Le gouvernement colombien et la guérilla des Farc mènent depuis exactement trois ans des pourparlers à Cuba, qui ont récemment franchi des étapes décisives vers la paix, mais plusieurs sujets épineux se présentent à l'heure d'aborder l'ultime ligne droite.
"La paix est arrivée!", exultait le 23 septembre la principale rébellion du pays peu avant une poignée de main historique à La Havane entre son chef Timoleon Jimenez, recherché pour terrorisme, et le président colombien Juan Manuel Santos.
Une vague d'espoir sans précédent déferlait alors sur la Colombie lorsque les deux hommes annonçaient, à la surprise générale, un accord sur le sort judiciaire des combattants, point crucial des négociations, et un délai maximum de six mois pour signer la paix après un demi-siècle de conflit.
"Nous avons avancé comme jamais", a salué jeudi le négociateur du gouvernement Humberto de La Calle, à l'occasion du troisième anniversaire de ce dialogue ouvert le 19 novembre 2012 à La Havane.
Tenus sans cessez-le feu sous la médiation de Cuba et de la Norvège, les pourparlers ont abouti à des accords sur des points importants : réforme rurale, lutte anti-drogue, participation des ex-guérilleros à la vie politique.
En parallèle, Forces armées révolutionnaires de Colombie (Farc) et gouvernement ont lancé un plan de déminage et formé une "Commission de la vérité" devant faire la lumière, probablement dès fin 2016, sur les exactions commises durant le conflit.
En signe de bonne volonté, les Farc ont annoncé suspendre les enlèvements contre rançon et l'achat d'armes, et observent depuis le 20 juillet un cessez-le-feu unilatéral, dans l'attente d'une trêve bilatérale promise par le président Santos d'ici fin 2015.
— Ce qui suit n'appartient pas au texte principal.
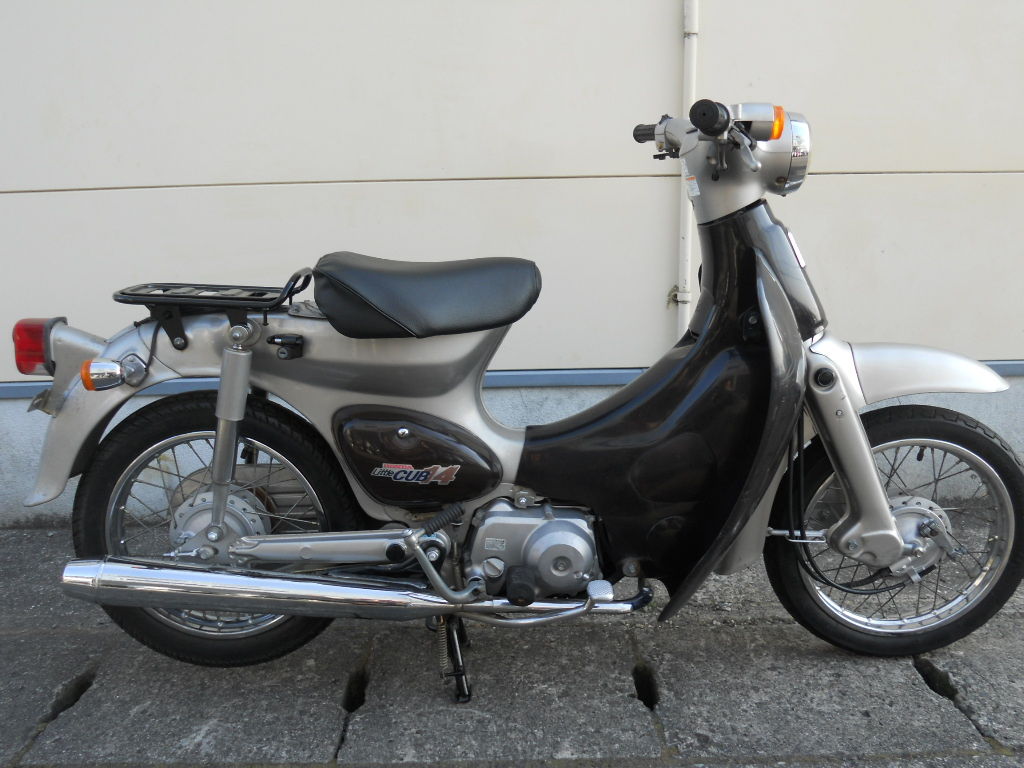 【画像】車の教習所通うのに原付免許とってバイクも貰った！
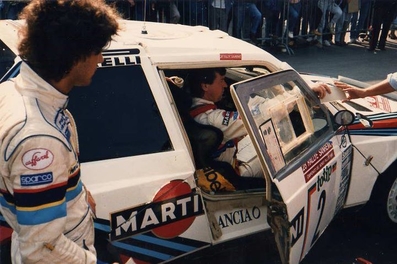 Markku Alén - Ilkka Kivimaki
28º Rally Sanremo 1986. Lancia Delta S4 (TO 33874F). Clasificado 1º.

Equipo Peugeot descalificado
El tercer dí­a del Rally se examinó el Peugeot y se decreto que las aletas de la parte de abajo eran en realidad faldillas. Las faldillas habí­an sido prohibidas después del Córcega, y a pesar de que los coches habí­an pasado las verificaciones pre-rally, se excluyeron todos los Peugeot de inmediato. Peugeot llevó el asunto a la FISA en diciembre, y decidió que la exclusión era ilegal.

Todos los puntos del Rally para el Campeonato se anularon, por eso Sanremo de 1986 no pudo considerarse una prueba de WRC, y por eso Markku Alén fue Campeón del Mundo durante tan solo 10 dí­as.

Del 13 al 17 de Octubre, Sanremo, Imperia, Italia.
Superficie: asfalto - tierra.

El Rally tenía un total de 2148.69 Km de los que 532.60 Km divididos en 40 tramos eran especiales (2 de ellos fueron cancelados SS8 Santa Luce de 12.30 Km y SS22 La Sela 2 de 10.15 Km).

Tomaron la salida 118 equipos, finalizaron 38.
@

Palabras clave: Markku_Alen;Lancia;Delta;Grupo_B;Sanremo;1986;Personajes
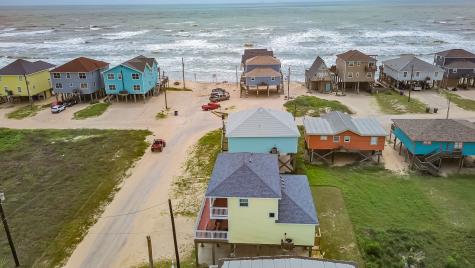 104 Beach Drive Freeport TX 77541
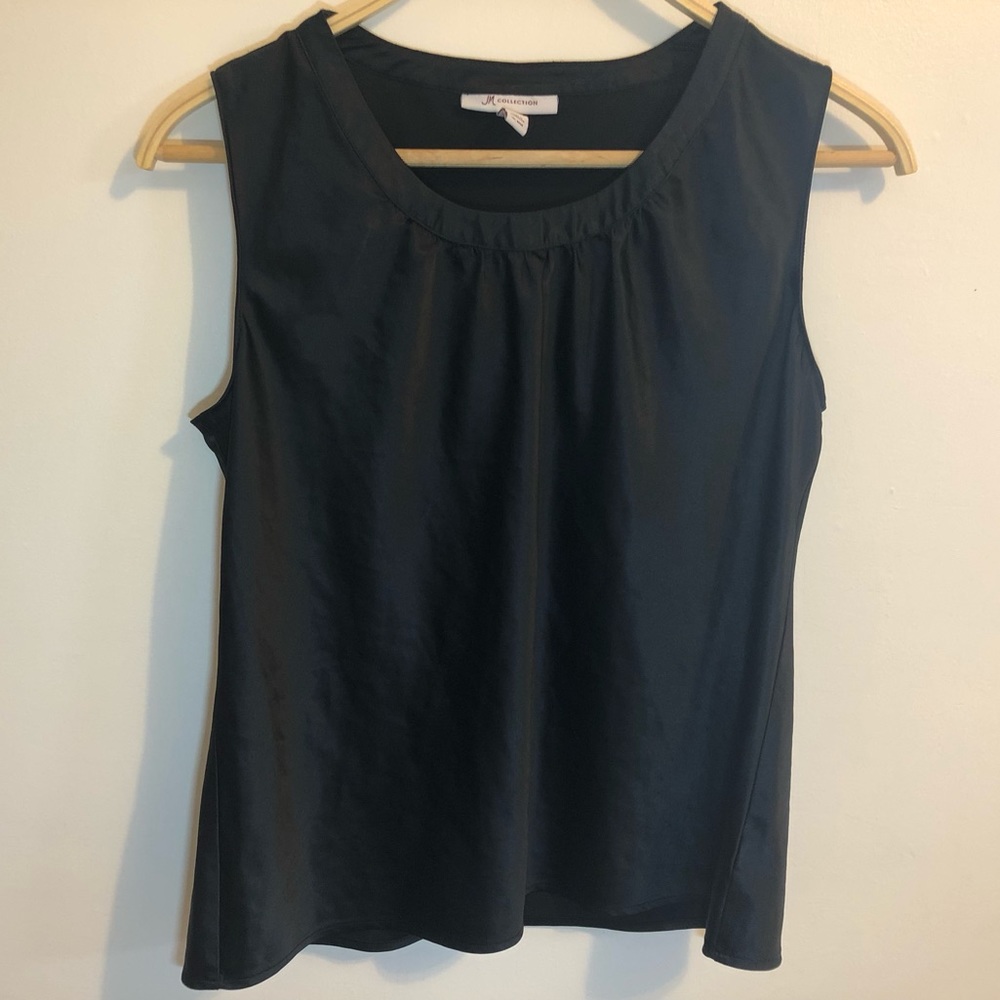Satin sleeveless blouse.
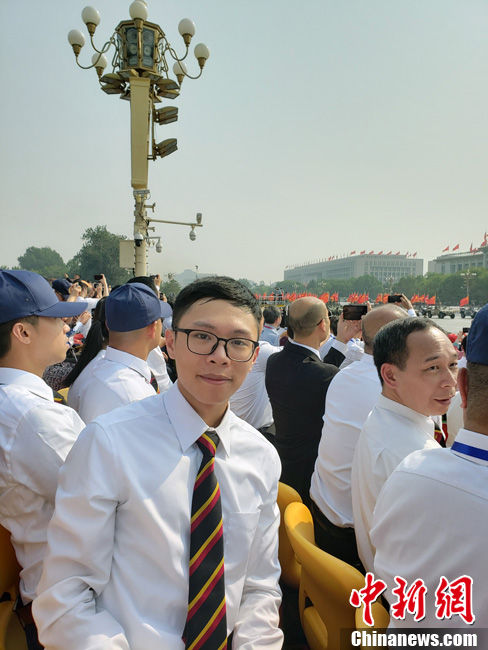  「sir」刘sir和同事“打卡”观礼现场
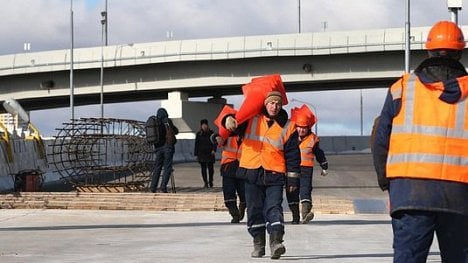 Náhledový obrázek - Svéráz Putinovy ekonomiky. Chod udržují migranti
- Divergences persistantes -
Mais au Palais des Conventions de La Havane, l'euphorie de septembre semble déjà s'être estompée. Le négociateur en chef de la rébellion Ivan Marquez pointait récemment des "difficultés" susceptibles de mener à "un échec".
Ces dernières semaines, la guérilla a accusé les négociateurs du gouvernement de vouloir revenir sur l'accord sur le sort judiciaire des combattants, alors que Bogota affirme que certains points restent à définir. Début octobre, une équipe de juristes a été chargée de régler ce différend, pour pouvoir boucler d'ici la fin de l'année ce chapitre en discussions depuis plus de 15 mois.
En outre, avant même que le sujet soit officiellement abordé, les parties s'écharpent sur le mode de ratification d'un éventuel accord de paix final.
Le gouvernement reste ferme sur sa volonté de le valider par référendum. La guérilla refuse, craignant la portée de la réforme constitutionnelle devant encadrer ce référendum, qui prévoit notamment que le gouvernement puisse légiférer par décret pour faire appliquer l'accord.
"C'est comme si on avait cousu une pièce de tissu et qu'il ne manquait que les bords, ce qui requiert de la minutie parce que c'est très délicat", estime Ariel Avila, analyste de la Fondation Paix et Réconciliation interrogé par l'AFP.
- 'Un avenir meilleur?' -
Pour Jairo Libreros, professeur à l'Université Externado de Colombie, "le principal défi réside dans le volet sur la justice : déterminer combien d'années de prison doivent purger les guérilleros qui ont commis des atrocités".
Dans un entretien à la BBC jeudi, M. Santos a garanti qu'en cas de paix, le chef suprême des Farc Timoleon Jimenez, dit Timochenko, ne serait "pas extradé" vers les Etats-Unis, qui offrent 5 millions de dollars pour sa capture.
Si les désaccords actuels sont dépassés, un autre gros morceau restera à négocier : l'abandon des armes et son corolaire, la sécurité des ex-combattants des Farc après le conflit.
Avec la date butoir du 23 mars prochain en ligne de mire, il est clair pour les négociateurs que cette quatrième tentative de paix doit être la bonne. Pour enfin tourner la page d'un conflit ayant fait au moins 220.000 morts, des dizaines de milliers de disparus et six millions de déplacés.
"Oui, il est possible d'imaginer un pays tranquille et un avenir meilleur", assurait mercredi M. Marquez, appelant le gouvernement à "éviter des tempêtes majeures".
M. Santos, qui achèvera son second mandat en 2018, a également lancé un dialogue exploratoire avec l'Armée de libération nationale (ELN), seconde guérilla d'extrême gauche de Colombie.
Si la paix est signée entre Farc et gouvernement, les deux parties sont d'accord pour faire appel à une force internationale chargée de surveiller son application.